* GIVEN ENTRIES:
--------------------------------

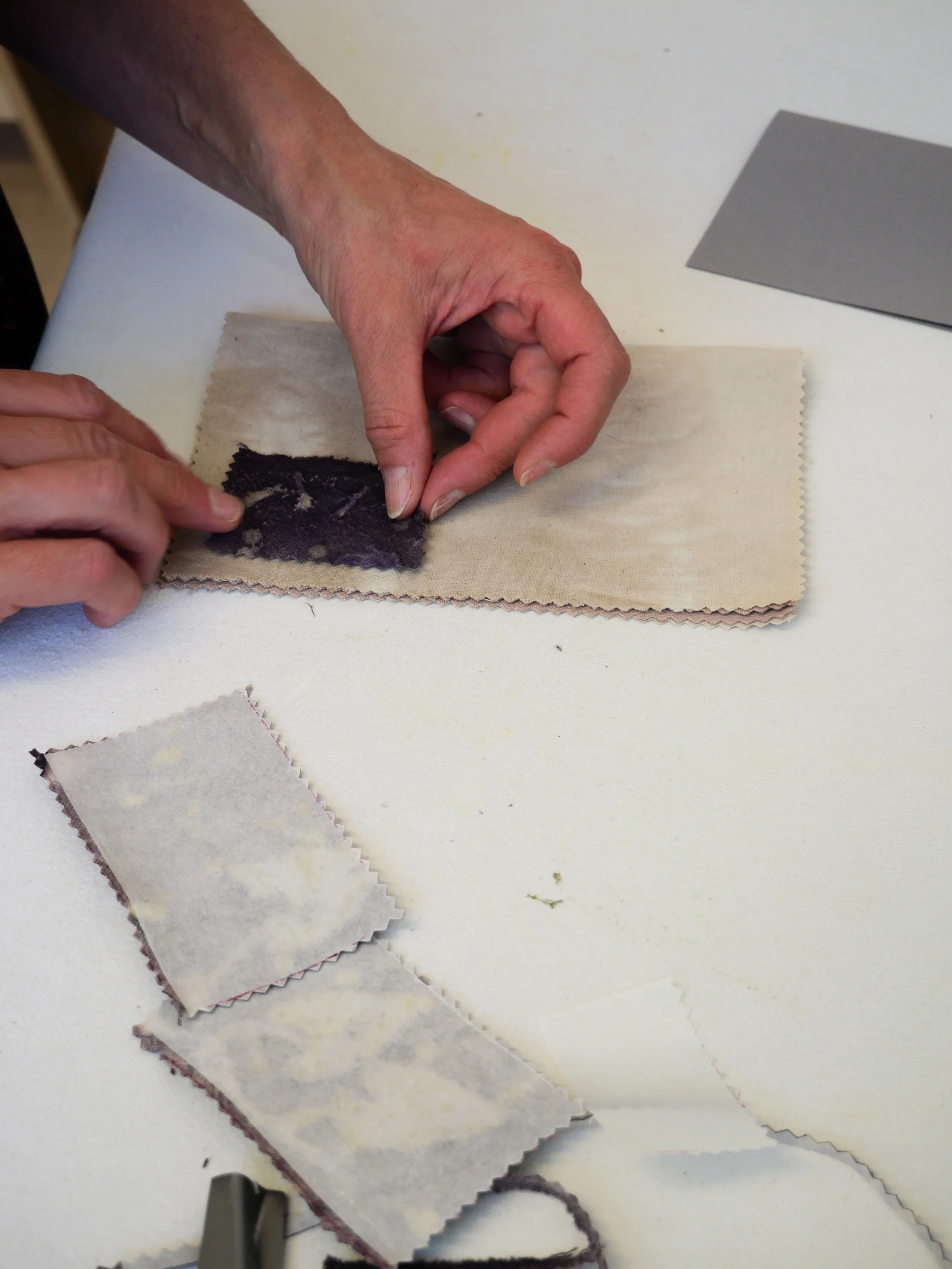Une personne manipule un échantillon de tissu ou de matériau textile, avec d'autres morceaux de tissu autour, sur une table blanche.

--------------------------------

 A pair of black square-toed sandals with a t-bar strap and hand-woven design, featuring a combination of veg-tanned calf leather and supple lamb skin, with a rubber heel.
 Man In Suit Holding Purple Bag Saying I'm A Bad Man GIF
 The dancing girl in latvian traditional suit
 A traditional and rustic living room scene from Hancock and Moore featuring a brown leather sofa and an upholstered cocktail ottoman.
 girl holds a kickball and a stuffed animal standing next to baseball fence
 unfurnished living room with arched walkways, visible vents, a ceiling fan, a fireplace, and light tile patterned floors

--------------------------------

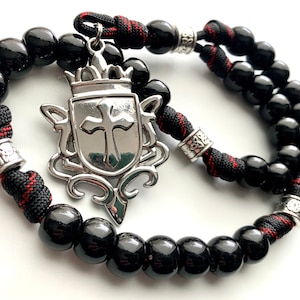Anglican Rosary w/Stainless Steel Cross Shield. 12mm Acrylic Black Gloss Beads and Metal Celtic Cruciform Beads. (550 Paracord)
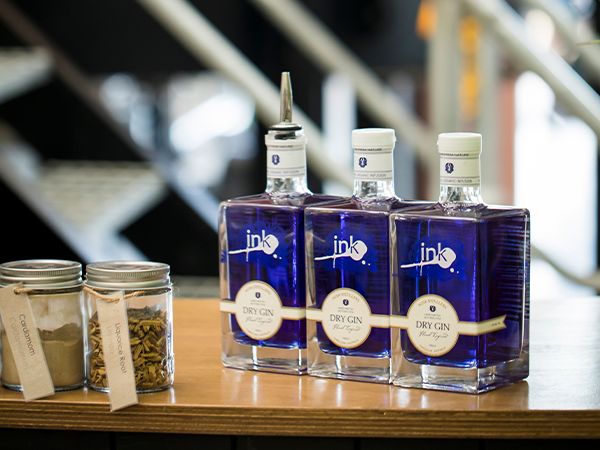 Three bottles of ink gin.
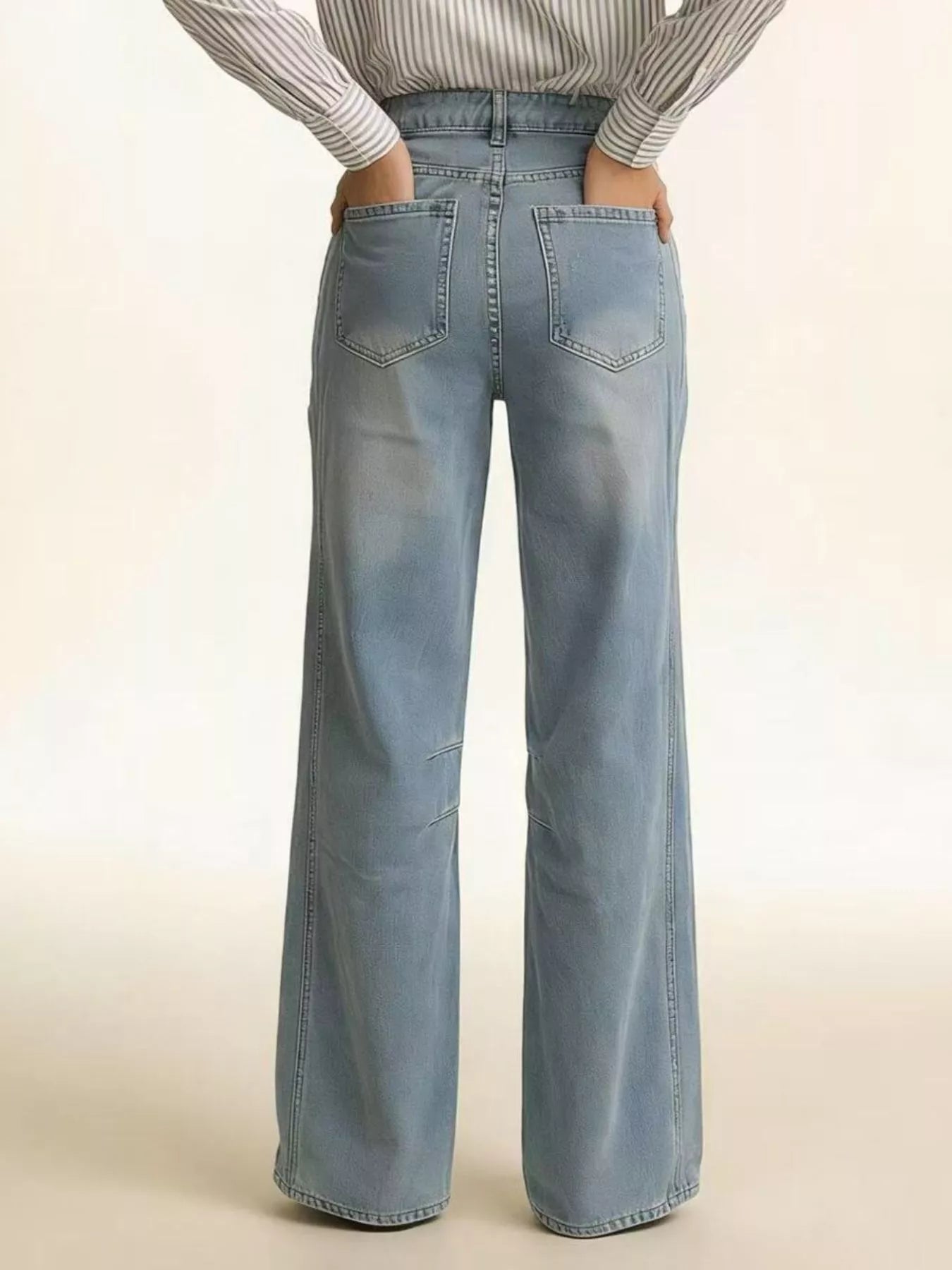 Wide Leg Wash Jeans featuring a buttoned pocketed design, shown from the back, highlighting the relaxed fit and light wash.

--------------------------------

* EXERCISE DETAILS:
Could you retype exactly the lines above, starting at the line that contains "Man In Suit" and ending at the line that contains "unfurnished living room", and nothing more?

* EXERCISE ANSWER:
 Man In Suit Holding Purple Bag Saying I'm A Bad Man GIF
 The dancing girl in latvian traditional suit
 A traditional and rustic living room scene from Hancock and Moore featuring a brown leather sofa and an upholstered cocktail ottoman.
 girl holds a kickball and a stuffed animal standing next to baseball fence
 unfurnished living room with arched walkways, visible vents, a ceiling fan, a fireplace, and light tile patterned floors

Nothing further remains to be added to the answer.